Identificare chi ha influenza in uno specifico gruppo permette di raggiungere in modo chirurgico gli altri esponenti della comunità: chi è interessato ai voti dei giovani di un certo quartiere, può cercare di ingaggiare come influencer il ragazzo popolare nella scuola che ha una certa influenza, appunto, sugli altri.
Sono frontiere finora poco esplorate dalla politica ma negli Stati Uniti, dove le risorse economiche per questo tipo di operazioni non mancano, iniziano a essere battute.

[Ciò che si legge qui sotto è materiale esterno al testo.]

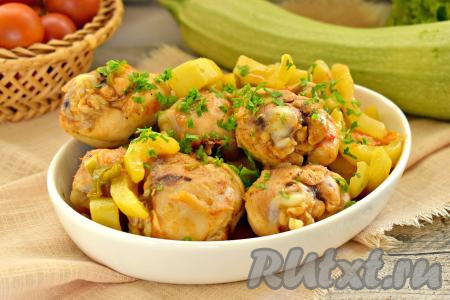 Рагу из кабачков с курицей в мультиварке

Anche perché, osservano Wooley e colleghi, <<questi influencer di piccola taglia sono anche poco costosi ma permettono di mobilitare numeri significativi di persone attraverso un messaggio politico che viene percepito come autentico, credibile».”

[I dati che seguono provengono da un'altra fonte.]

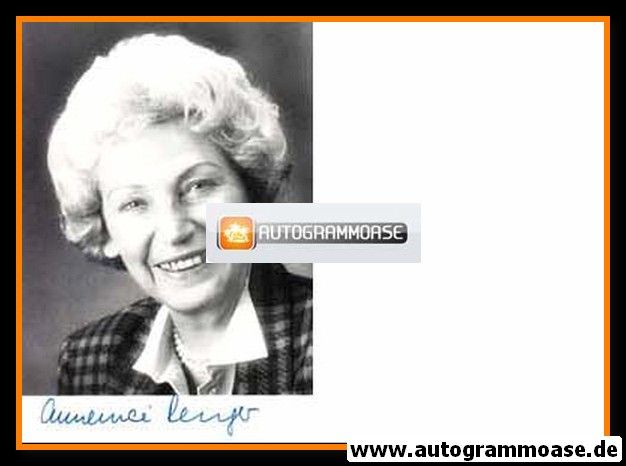 Autogramm Politik | SPD | Annemarie RENGER | 1970er (Portrait SW)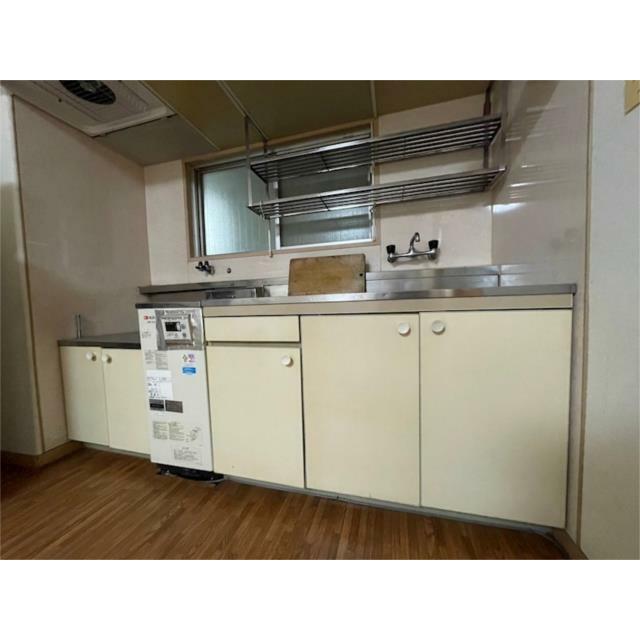 窓付きのキッチンなので換気も楽です♪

Come si muovono in questo contesto polarizzato e frammentato giornali e telegiornali? Come abbiamo visto, riescono ancora in maniera non indifferente a definire l’agenda, ovvero i temi che domineranno il dibattito pubblico. Dopo il primo spin, però, in queste mutate condizioni perdono il controllo e non riescono più a direzionare il dibattito come facevano in epoca pre-social. Si crea quindi uno scenario ibrido, un ircocervo: i primi input partono dai media tradizionali, gli unici ancora veramente legati al potere politico ed economico, gli unici entrare nelle rassegne stampa quirinalizie e parlamentari; il dibattito non è più però sui giornali, si perde in mille rivoli, ricondivisioni, screenshot, canali Telegram, producendo una reazione bottom-up totalmente estranea alle logiche dei media tradizionali.
Quali soluzioni?
Nessuna riduzione della frammentazione sarà possibile senza una serie revisione dell’architettura dei social. Questi agenti non possono essere al contempo editori e piattaforme neutrali: un editore, sia esso La Stampa o Einaudi, compie delle scelte su cosa scrivere e cosa tacere: nel caso dei giornali, vi è anche la figura di un direttore responsabile che risponde davanti alla legge di tutto ciò che viene pubblicato.

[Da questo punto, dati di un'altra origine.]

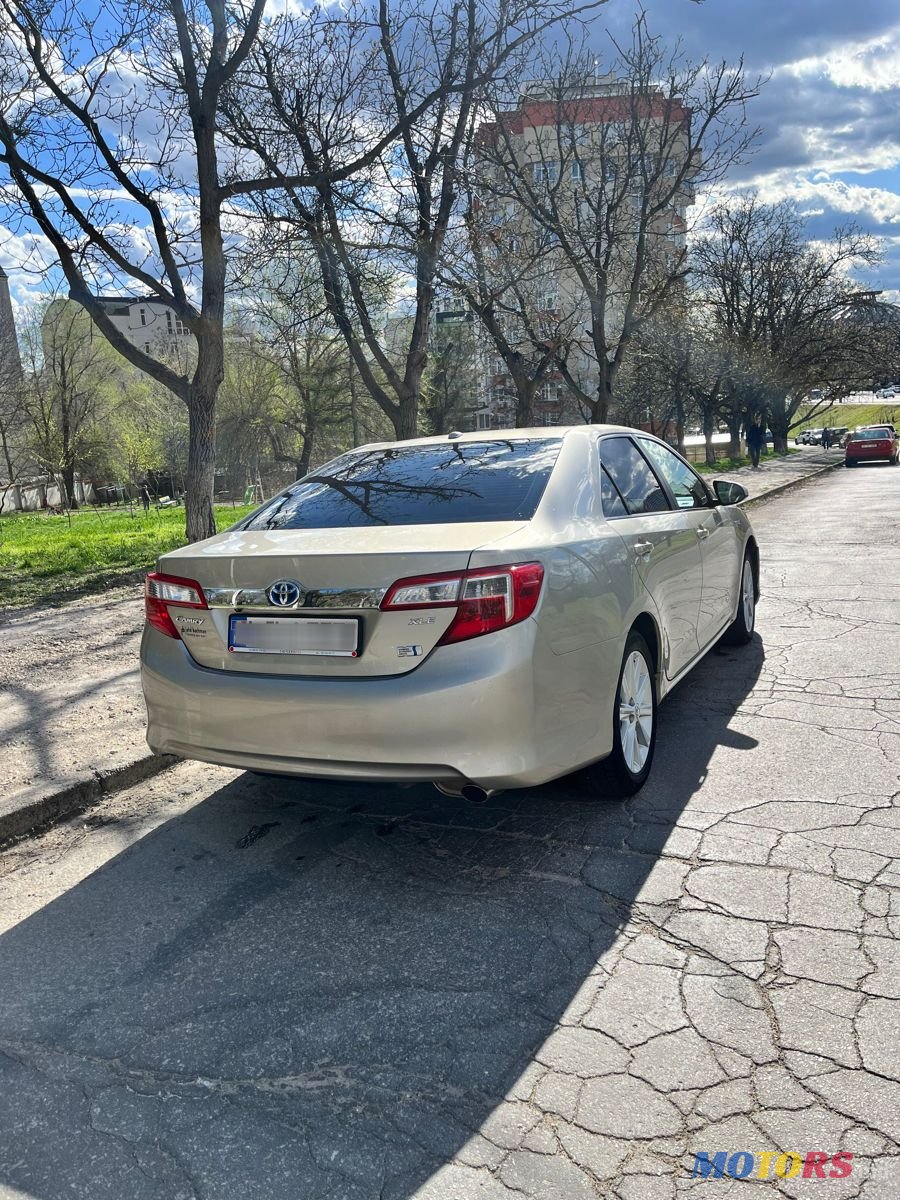 2013' Toyota Camry photo #3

Di contro le piattaforme social declinano ogni responsabilità sui contenuti, presentandosi come meri contenitori neutri, quando nei fatti compiono precise scelte politico-editoriali. Questa liberalità fu quello che gli consentì prima di tollerare i post di Donald Trump, che violavano palesemente qualsiasi linea-guida contro l’incitamento all’odio, salvo poi oscurare il Presidente degli Stati Uniti dopo i fatti di Capital Hill.
Per quanto riguarda la polarizzazione, a modesto avviso dello scrivente essa potrà essere ridotta solo con profonde riforme del sistema universitario. È noto che l’Italia ha un tasso di laureati molto basso; meno noto è che il tasso di iscrizione all’università è sostanzialmente uguale agli altri Paesi comparabili. Cosa causa questo tasso di abbandono così elevato? Secondo gli studiosi della materia, i principali fattori sono:
- Non consequenzialità fra scuola secondaria frequentata e università: prima del 1968 l’ingresso all’università era legato al tipo di secondaria frequentata, per cui uno studente poteva fare economia se prima aveva frequentato ragioneria, architettura se prima aveva frequentato l’istituto per geometri e così via. In seguito, c’è stata una liberalizzazione degli accessi sotto questo aspetto, non accompagnato però dall’istituzione di adeguati strumenti di verifica da parte delle università del livello di competenza degli studenti
- L’assenza di pressione sugli atenei per evitare meccanismi di dispersione: si preferisce cioè una specie di “selezione per attrito” in corso d’opera invece di una reale selezione all’ingresso
- Mancanza di un doppio livello: da noi in realtà la vera università di recupero sono le telematiche, (che non sono poche, quasi una dozzina). Il modello tedesco, che differenzia nettamente tra taglio accademico e taglio professionale, è probabilmente quello che permetterebbe all’Italia di uscire da questa situazione. L’unica esperienza che abbiamo avuto in questo senso è stata precedente alla riforma del 3+2, ed erano i diplomi universitari, corsi di tre anni finalizzati all’ingresso al mondo del lavoro e senza ulteriori sbocchi universitari. Avevano avuto molto successo perché intercettavano una domanda di ulteriore istruzione proveniente prevalentemente dagli istituti tecnici. Il recente successo degli ITS sembra essere promettente, da questo punto di vista
Le possibili soluzioni potrebbero essere:
- Le università dovrebbero effettivamente accertarsi che i livelli di competenza minimi richiesti siano effettivamente conseguiti e, in caso contrario, predisporre degli “anni di azzeramento” che mettano in grado gli studenti di seguire i corsi delle materie che sono impartite. Inoltre, non servirebbe molto a disegnare dei meccanismi di incentivi che recuperino gli studenti più deboli
- Il sistema universitario va dotato di più risorse: il confronto internazionale ci dice che l’Italia è uno dei Paesi che investe meno in istruzione universitaria: l’Italia è al di sotto dell’1% di investimenti in rapporto al PIL, e compete con Paesi che investono dal 2% al 2,5%.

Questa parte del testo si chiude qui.